Instructions for the task: Only the lines from the "Na cestách budú" line through the last line of the material below belong in the answer, reproduced exactly and with no pictures.

Given data:
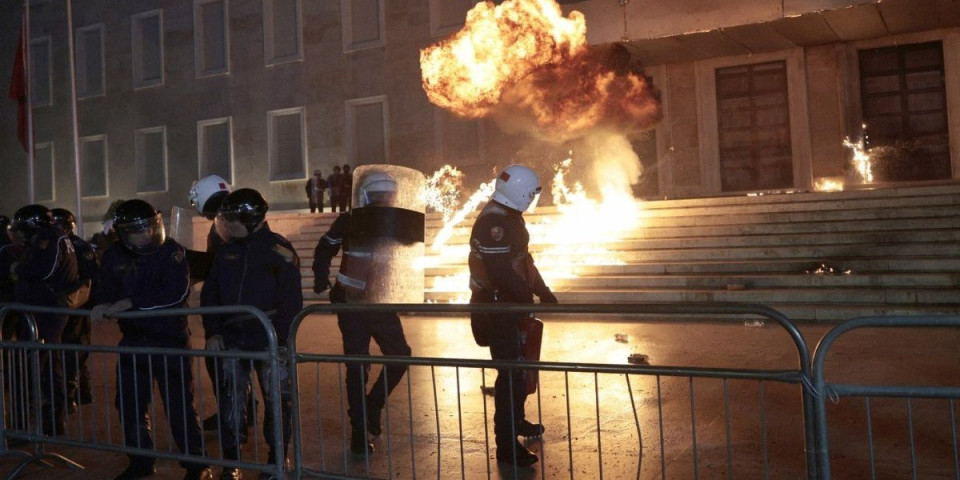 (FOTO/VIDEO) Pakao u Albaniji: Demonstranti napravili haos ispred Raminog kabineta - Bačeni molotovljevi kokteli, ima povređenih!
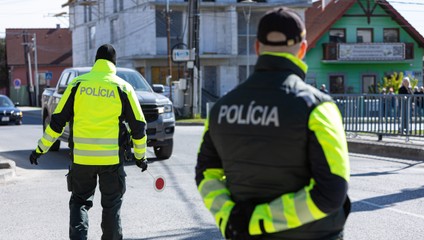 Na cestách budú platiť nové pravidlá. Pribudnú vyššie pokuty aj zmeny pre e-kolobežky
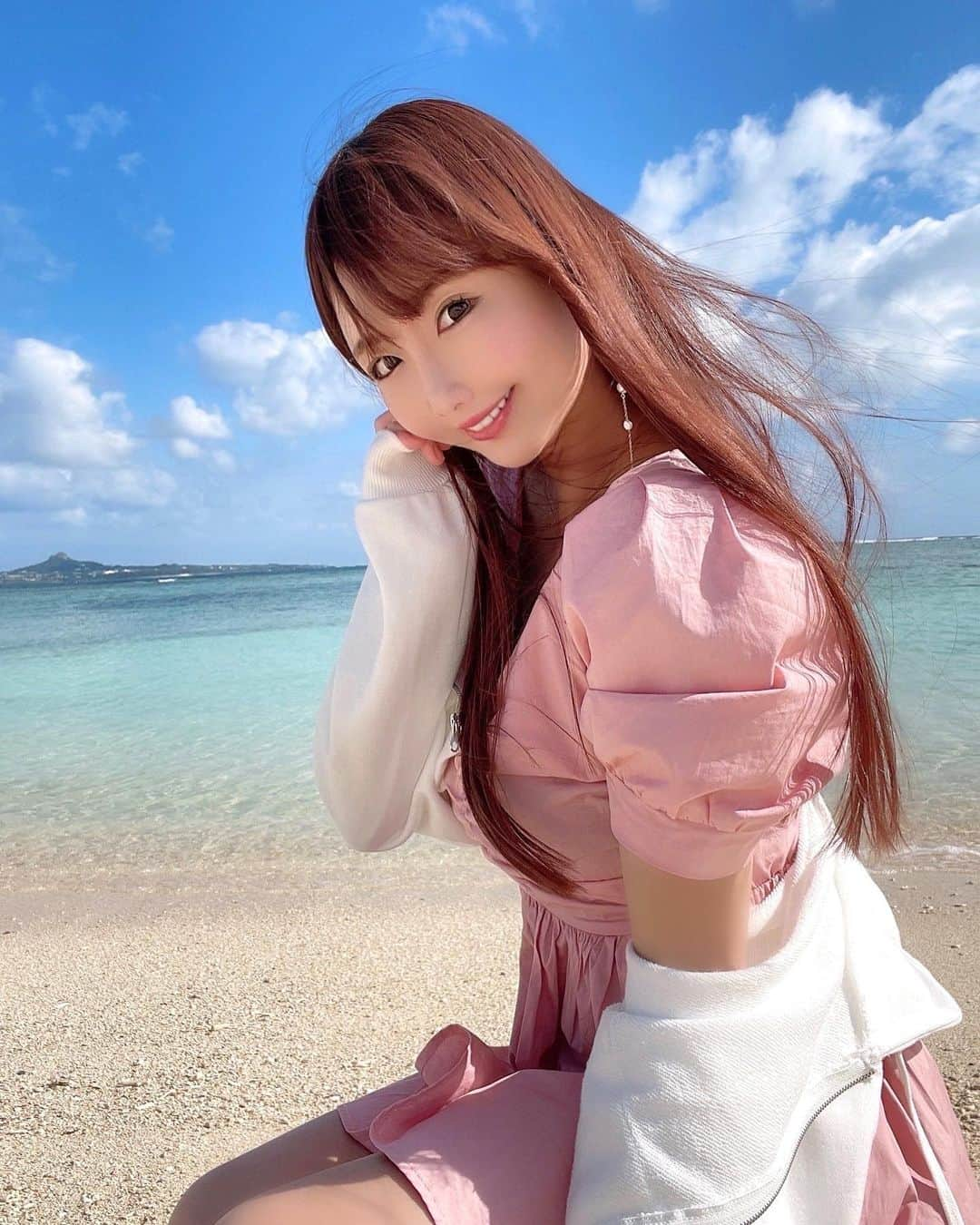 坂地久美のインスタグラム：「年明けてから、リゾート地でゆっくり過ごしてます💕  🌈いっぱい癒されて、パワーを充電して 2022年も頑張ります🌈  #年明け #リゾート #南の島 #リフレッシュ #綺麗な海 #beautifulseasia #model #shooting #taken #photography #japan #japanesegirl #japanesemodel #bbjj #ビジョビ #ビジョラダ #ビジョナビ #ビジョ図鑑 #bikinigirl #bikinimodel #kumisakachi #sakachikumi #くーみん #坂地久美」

Exercise response:
 Na cestách budú platiť nové pravidlá. Pribudnú vyššie pokuty aj zmeny pre e-kolobežky
 坂地久美のインスタグラム：「年明けてから、リゾート地でゆっくり過ごしてます💕  🌈いっぱい癒されて、パワーを充電して 2022年も頑張ります🌈  #年明け #リゾート #南の島 #リフレッシュ #綺麗な海 #beautifulseasia #model #shooting #taken #photography #japan #japanesegirl #japanesemodel #bbjj #ビジョビ #ビジョラダ #ビジョナビ #ビジョ図鑑 #bikinigirl #bikinimodel #kumisakachi #sakachikumi #くーみん #坂地久美」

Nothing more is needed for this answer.